Isaiah 27:12-13: And it shall come to pass in that day, that the LORD shall beat off from the channel of the river unto the stream of Egypt, and ye shall be gathered one by one, O ye children of Israel. And it shall come to pass in that day, that the great trumpet shall be blown, and they shall come which were ready to perish in the land of Assyria, and the outcasts in the land of Egypt, and shall worship the LORD in the holy mount at Jerusalem.
Matthew 24:30-31: And then shall appear the sign of the Son of man in heaven: and then shall all the tribes of the earth mourn, and they shall see the Son of man coming in the clouds of heaven with power and great glory. And he shall send his angels with a great sound of a trumpet, and they shall gather together his elect from the four winds, from one end of heaven to the other.
But the trumpets mentioned in these verses are not an allusion to the Feast of Trumpets at all. They are an allusion to the trumpet mentioned in Leviticus 25:8-10, which is connected with the Day of Atonement in the year of Jubilee. The year of Jubilee was a very special year in Israel where all property returned to its original owner, as the context of these verses from Isaiah and Matthew seem to depict.
Leviticus 25:8-10: And thou shalt number seven sabbaths of years unto thee, seven times seven years; and the space of the seven sabbaths of years shall be unto thee forty and nine years. Then shalt thou cause the trumpet of the jubilee to sound on the tenth day of the seventh month, in the day of atonement shall ye make the trumpet sound throughout all your land. And ye shall hallow the fiftieth year, and proclaim liberty throughout all the land unto all the inhabitants thereof: it shall be a jubilee unto you; and ye shall return every man unto his possession, and ye shall return every man unto his family.

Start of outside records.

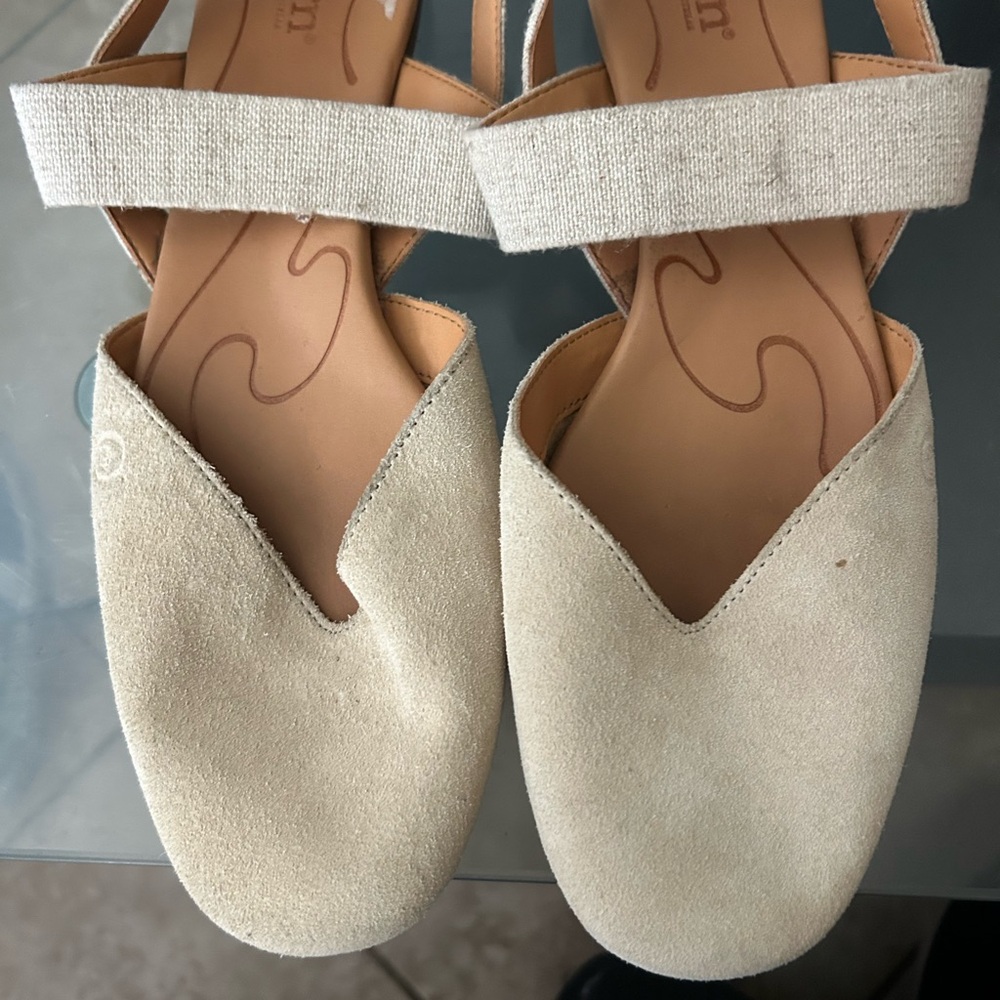 Born Cream Espadrille Sandals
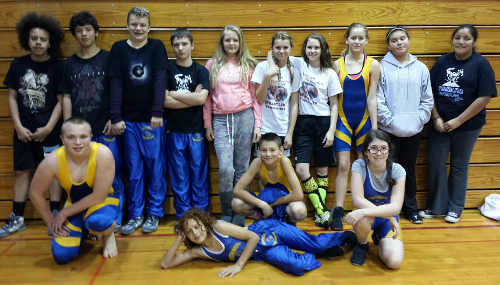 030516terracewrestlersgroup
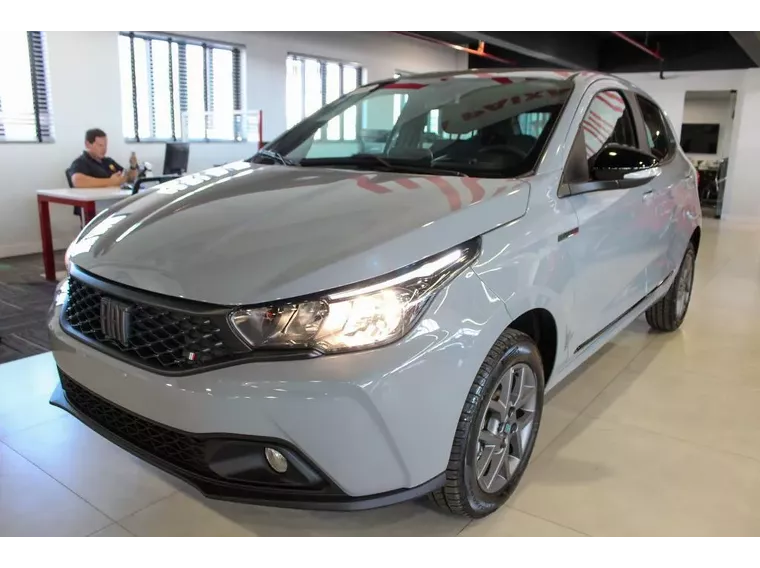 Fiat Argo Cinza 12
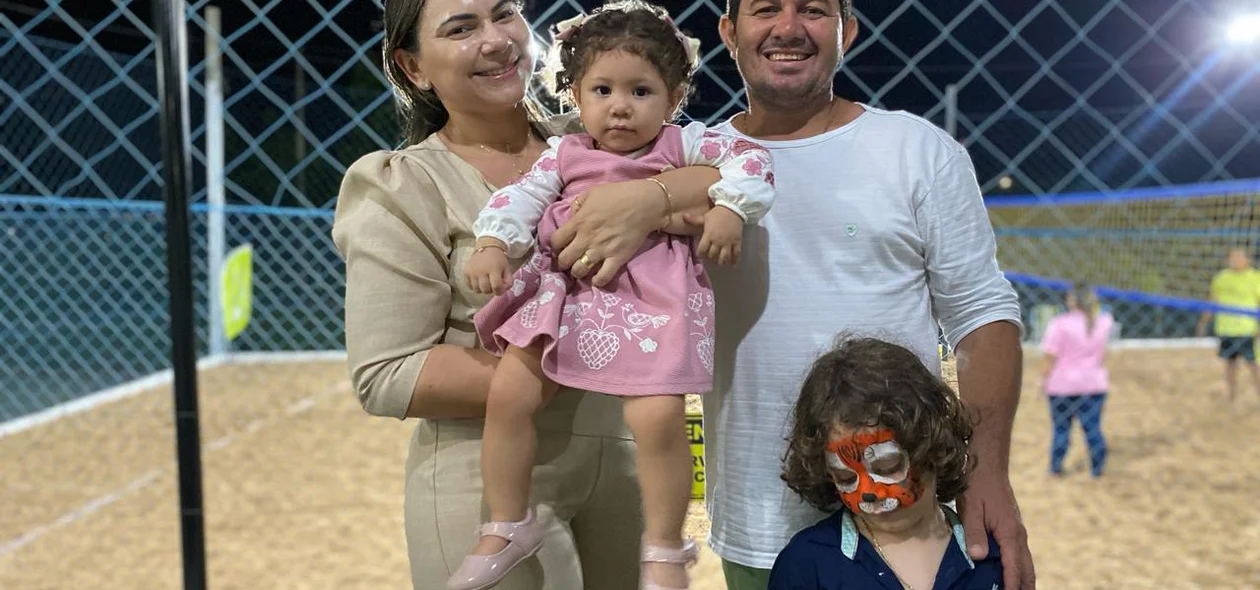 Família se divertindo na inauguração da Arena CF861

Finally, in Matthew 24:36, where the Lord Jesus says, “But of that day and hour knoweth no man,” some have claimed this phrase was commonly used in connection with the Feast of Trumpets. And though I have no reason to doubt this, if the Lord Jesus is speaking of the rapture here He is doing it indirectly. He is talking about a time of judgment which Israel will face – the beginning of which will likely coincide closely with the rapture of the church. The context of the verses that follow His statement (Matthew 24:36-42) describe those “taken” as being taken for judgment rather than taken to be with the Lord. So once the rapture occurs there will be no escaping the judgment that will come. To those caught up in the things of this world, who have no interest in God or the salvation He offers, the Lord Jesus warns, “And take heed to yourselves, lest at any time your hearts be overcharged with surfeiting, and drunkenness, and cares of this life, and so that day come upon you unawares. For as a snare shall it come on all them that dwell on the face of the whole earth. Watch ye therefore, and pray always, that ye may be accounted worthy to escape all these things that shall come to pass, and to stand before the Son of man” (Luke 21:34-36).
I believe it is important for us to try and understand how the Scriptures would have been understood by those who first read them. Recognizing that Paul is using the Feasts of Jehovah in the course of his teaching throughout 1 Corinthians helps in this case to see what “the last trump” would have meant to those early believers, many (maybe even most) of whom were very familiar with these “Feasts of Jehovah” (Acts 18:8). It’s not always easy for us and the answers rarely come quickly, but humbly seeking to understand the Word of God and how it was understood by those who first read it will always be instructive. May we prayerfully seek the Lord that we may obey where He tells us to “Study to shew thyself approved unto God, a workman that needeth not to be ashamed, rightly dividing the word of truth” (1 Tim 2:15). Let us always seek by the power of the risen Lord Jesus Christ to rightly divide His Word of Truth.